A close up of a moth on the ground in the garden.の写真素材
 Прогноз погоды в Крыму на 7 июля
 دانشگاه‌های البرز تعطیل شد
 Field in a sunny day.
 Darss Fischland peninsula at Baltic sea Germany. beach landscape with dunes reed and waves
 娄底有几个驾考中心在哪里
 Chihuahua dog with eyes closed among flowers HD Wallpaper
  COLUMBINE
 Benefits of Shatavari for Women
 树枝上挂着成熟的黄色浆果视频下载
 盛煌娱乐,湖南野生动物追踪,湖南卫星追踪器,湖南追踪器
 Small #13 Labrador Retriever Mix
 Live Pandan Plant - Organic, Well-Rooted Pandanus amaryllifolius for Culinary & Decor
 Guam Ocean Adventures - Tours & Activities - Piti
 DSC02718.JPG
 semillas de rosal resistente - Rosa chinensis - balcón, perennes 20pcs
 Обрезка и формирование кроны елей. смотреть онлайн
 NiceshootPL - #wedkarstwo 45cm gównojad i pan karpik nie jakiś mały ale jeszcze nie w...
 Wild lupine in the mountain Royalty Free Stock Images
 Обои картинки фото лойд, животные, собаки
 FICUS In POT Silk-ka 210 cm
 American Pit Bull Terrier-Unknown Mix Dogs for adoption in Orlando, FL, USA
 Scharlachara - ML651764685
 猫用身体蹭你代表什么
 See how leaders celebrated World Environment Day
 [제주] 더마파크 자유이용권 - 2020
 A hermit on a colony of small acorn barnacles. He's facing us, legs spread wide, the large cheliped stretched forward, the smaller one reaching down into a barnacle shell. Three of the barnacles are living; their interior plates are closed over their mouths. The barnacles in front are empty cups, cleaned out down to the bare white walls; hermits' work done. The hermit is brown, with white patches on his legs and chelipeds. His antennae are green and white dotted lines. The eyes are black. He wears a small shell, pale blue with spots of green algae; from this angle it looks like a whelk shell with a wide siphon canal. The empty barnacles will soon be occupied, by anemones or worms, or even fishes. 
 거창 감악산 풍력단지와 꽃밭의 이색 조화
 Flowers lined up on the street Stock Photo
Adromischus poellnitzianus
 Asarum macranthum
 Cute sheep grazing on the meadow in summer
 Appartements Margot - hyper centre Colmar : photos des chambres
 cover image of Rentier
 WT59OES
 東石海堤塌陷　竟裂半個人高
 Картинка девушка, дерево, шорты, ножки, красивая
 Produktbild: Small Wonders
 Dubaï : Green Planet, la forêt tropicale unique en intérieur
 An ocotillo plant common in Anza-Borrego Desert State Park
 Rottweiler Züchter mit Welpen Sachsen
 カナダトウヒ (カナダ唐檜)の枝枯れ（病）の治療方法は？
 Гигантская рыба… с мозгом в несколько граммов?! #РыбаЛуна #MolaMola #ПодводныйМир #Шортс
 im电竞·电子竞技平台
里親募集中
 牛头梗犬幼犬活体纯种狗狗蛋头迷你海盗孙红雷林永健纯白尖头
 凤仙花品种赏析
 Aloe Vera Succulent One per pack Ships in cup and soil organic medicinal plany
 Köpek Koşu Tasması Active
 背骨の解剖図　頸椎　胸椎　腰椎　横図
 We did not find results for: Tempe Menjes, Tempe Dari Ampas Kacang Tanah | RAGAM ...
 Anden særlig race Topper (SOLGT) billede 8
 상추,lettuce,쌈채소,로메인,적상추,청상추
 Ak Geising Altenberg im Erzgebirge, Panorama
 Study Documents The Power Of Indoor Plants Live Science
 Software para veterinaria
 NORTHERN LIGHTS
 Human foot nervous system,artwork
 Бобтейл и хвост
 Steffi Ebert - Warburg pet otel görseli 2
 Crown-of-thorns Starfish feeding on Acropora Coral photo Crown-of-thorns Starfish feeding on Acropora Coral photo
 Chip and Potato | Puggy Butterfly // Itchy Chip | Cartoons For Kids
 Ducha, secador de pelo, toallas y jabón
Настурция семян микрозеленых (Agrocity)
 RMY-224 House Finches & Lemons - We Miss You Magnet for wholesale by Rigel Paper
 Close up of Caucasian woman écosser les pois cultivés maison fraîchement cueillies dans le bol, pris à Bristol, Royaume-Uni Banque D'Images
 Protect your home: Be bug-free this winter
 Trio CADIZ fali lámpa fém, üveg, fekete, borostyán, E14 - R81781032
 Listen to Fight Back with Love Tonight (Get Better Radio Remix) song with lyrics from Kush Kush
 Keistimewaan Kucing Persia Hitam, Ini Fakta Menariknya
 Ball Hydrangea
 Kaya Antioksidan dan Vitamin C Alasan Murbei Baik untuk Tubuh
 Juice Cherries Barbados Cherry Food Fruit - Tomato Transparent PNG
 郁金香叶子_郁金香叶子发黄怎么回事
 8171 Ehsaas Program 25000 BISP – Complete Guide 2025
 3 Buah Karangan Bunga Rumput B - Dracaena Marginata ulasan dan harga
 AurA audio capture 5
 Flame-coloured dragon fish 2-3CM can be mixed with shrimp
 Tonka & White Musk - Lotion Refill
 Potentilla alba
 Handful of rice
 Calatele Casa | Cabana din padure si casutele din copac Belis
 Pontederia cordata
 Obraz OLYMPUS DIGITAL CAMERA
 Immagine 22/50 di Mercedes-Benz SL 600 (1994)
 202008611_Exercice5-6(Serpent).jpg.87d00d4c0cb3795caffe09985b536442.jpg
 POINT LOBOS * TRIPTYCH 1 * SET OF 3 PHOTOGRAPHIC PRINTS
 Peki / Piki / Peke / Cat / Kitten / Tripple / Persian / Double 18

——

→ EXERCISE DESCRIPTION:
Take exactly the lines from the one containing "Картинка девушка, дерево, шорты, ножки, красивая" through the one containing "Human foot nervous system,artwork" in the data above, and output them with nothing added.

→ RESPONSE:
 Картинка девушка, дерево, шорты, ножки, красивая
 Produktbild: Small Wonders
 Dubaï : Green Planet, la forêt tropicale unique en intérieur
 An ocotillo plant common in Anza-Borrego Desert State Park
 Rottweiler Züchter mit Welpen Sachsen
 カナダトウヒ (カナダ唐檜)の枝枯れ（病）の治療方法は？
 Гигантская рыба… с мозгом в несколько граммов?! #РыбаЛуна #MolaMola #ПодводныйМир #Шортс
 im电竞·电子竞技平台
里親募集中
 牛头梗犬幼犬活体纯种狗狗蛋头迷你海盗孙红雷林永健纯白尖头
 凤仙花品种赏析
 Aloe Vera Succulent One per pack Ships in cup and soil organic medicinal plany
 Köpek Koşu Tasması Active
 背骨の解剖図　頸椎　胸椎　腰椎　横図
 We did not find results for: Tempe Menjes, Tempe Dari Ampas Kacang Tanah | RAGAM ...
 Anden særlig race Topper (SOLGT) billede 8
 상추,lettuce,쌈채소,로메인,적상추,청상추
 Ak Geising Altenberg im Erzgebirge, Panorama
 Study Documents The Power Of Indoor Plants Live Science
 Software para veterinaria
 NORTHERN LIGHTS
 Human foot nervous system,artwork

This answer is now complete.